=== Begin Enclosure ===
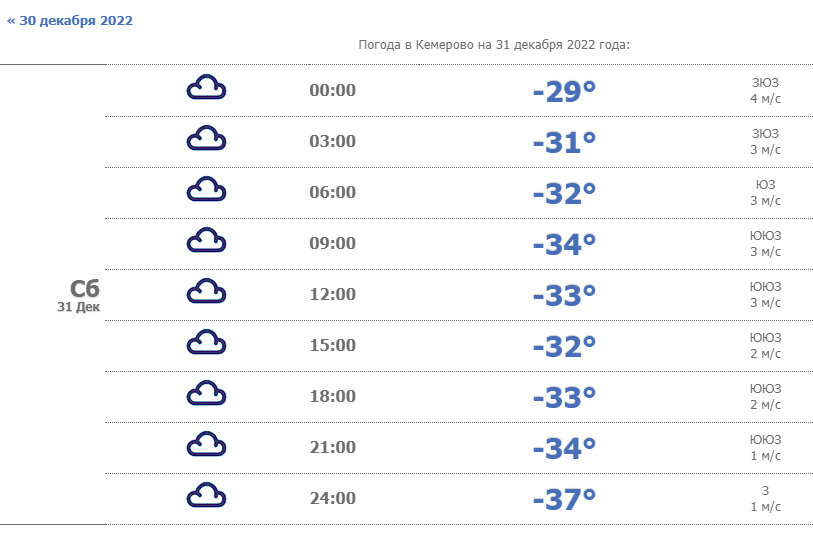 Погода кемерово 3 дня почасовая. Погода в Кемерово. Погода погода Кемерово. Погода в Кемерово сегодня. Погол погода Кемерово.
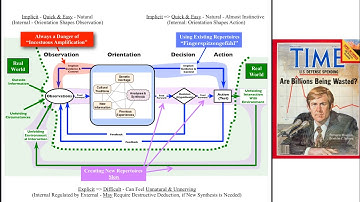 OODA Loop & Evolutionary Epistemology of John Boyd by Chuck Spinney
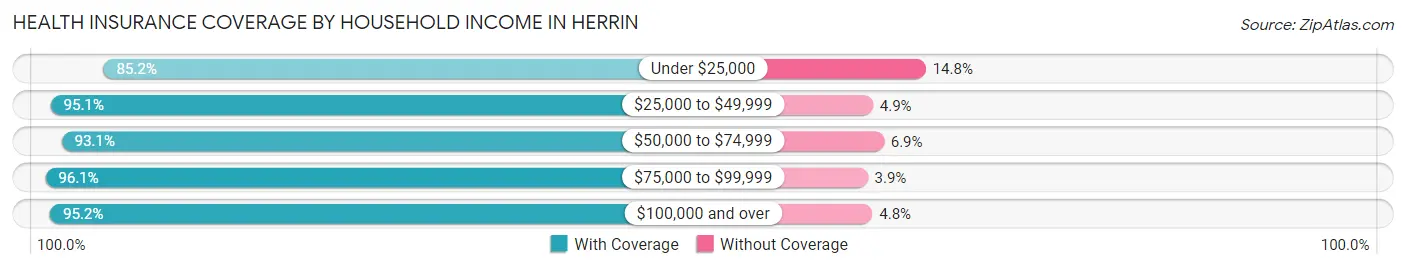 Health Insurance Coverage by Household Income in Herrin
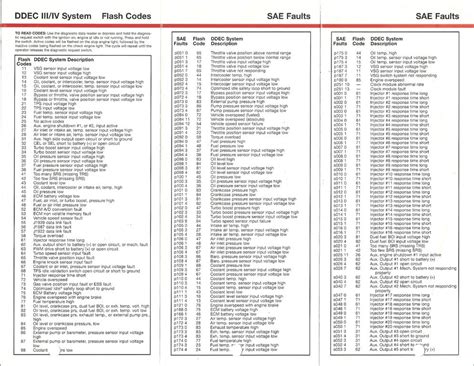 This document provides a list of fault codes for the Bulkhead Module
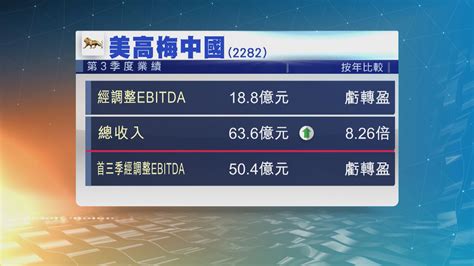 【賭股業績】美高梅經調整物業ebitdar升逾78 恢復派息 Now 新聞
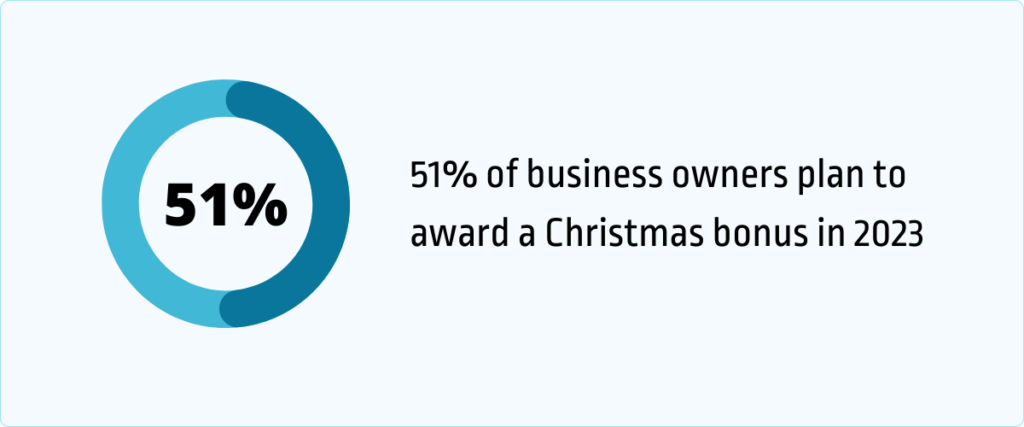 51% of business owners plan to award a Christmas bonus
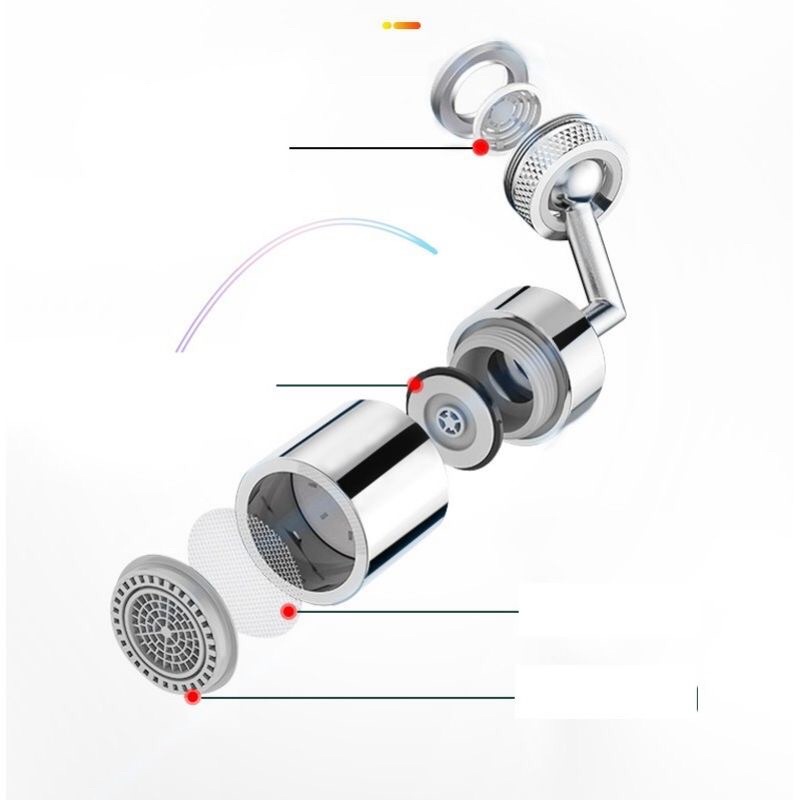 Đầu vòi nước thông minh xoay 720 độ tiện ích.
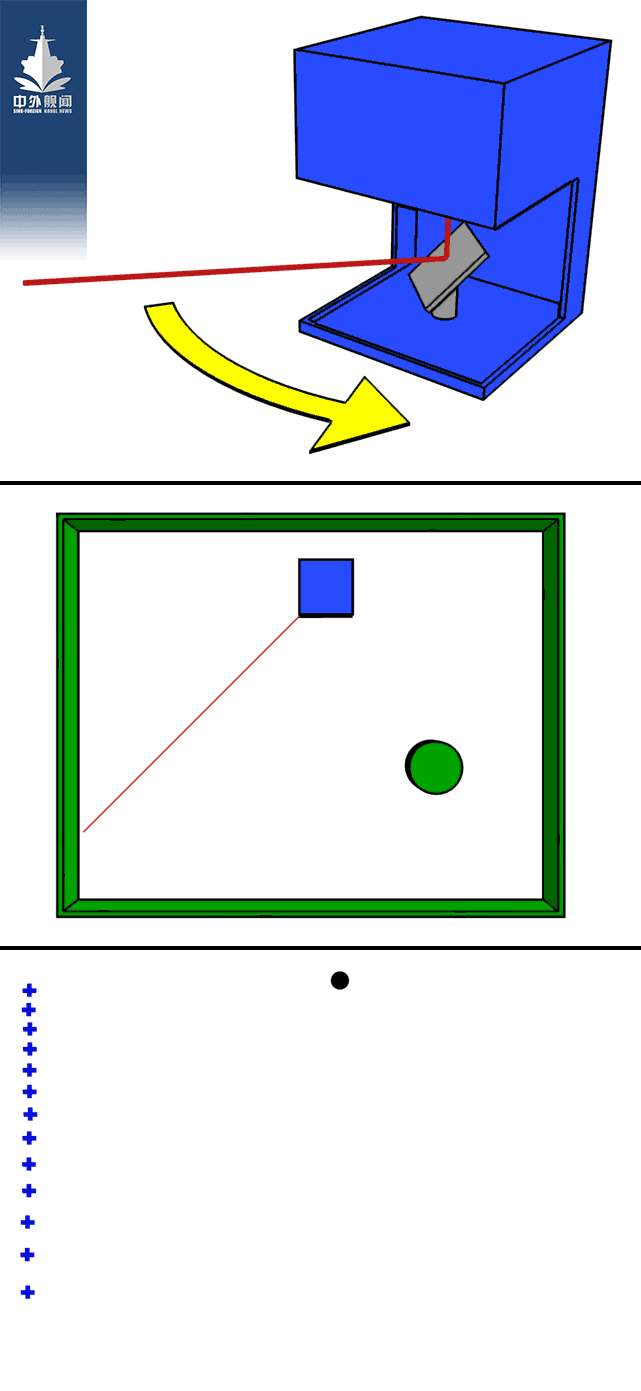 特点是只在发射机采用非经典源(电磁波)探测目标,接收机采用干涉式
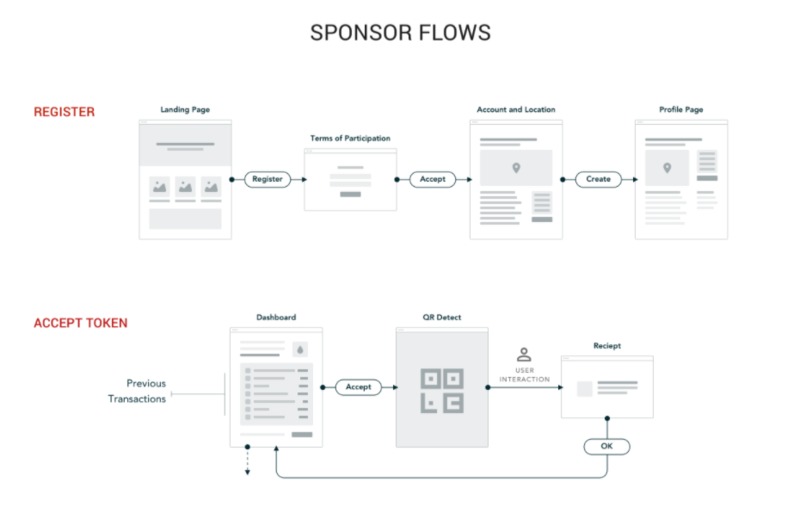 Lifebank   – screenshot 27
=== End Enclosure ===
## Task instructions
Write out an exact reproduction of the lines from the line that holds "OODA Loop &" to the bottom of the listing above, both ends included. Exclude pictures.

## Result of the task
 OODA Loop & Evolutionary Epistemology of John Boyd by Chuck Spinney
 Health Insurance Coverage by Household Income in Herrin
 This document provides a list of fault codes for the Bulkhead Module
 【賭股業績】美高梅經調整物業ebitdar升逾78 恢復派息 Now 新聞
 51% of business owners plan to award a Christmas bonus
 Đầu vòi nước thông minh xoay 720 độ tiện ích.
 特点是只在发射机采用非经典源(电磁波)探测目标,接收机采用干涉式
 Lifebank   – screenshot 27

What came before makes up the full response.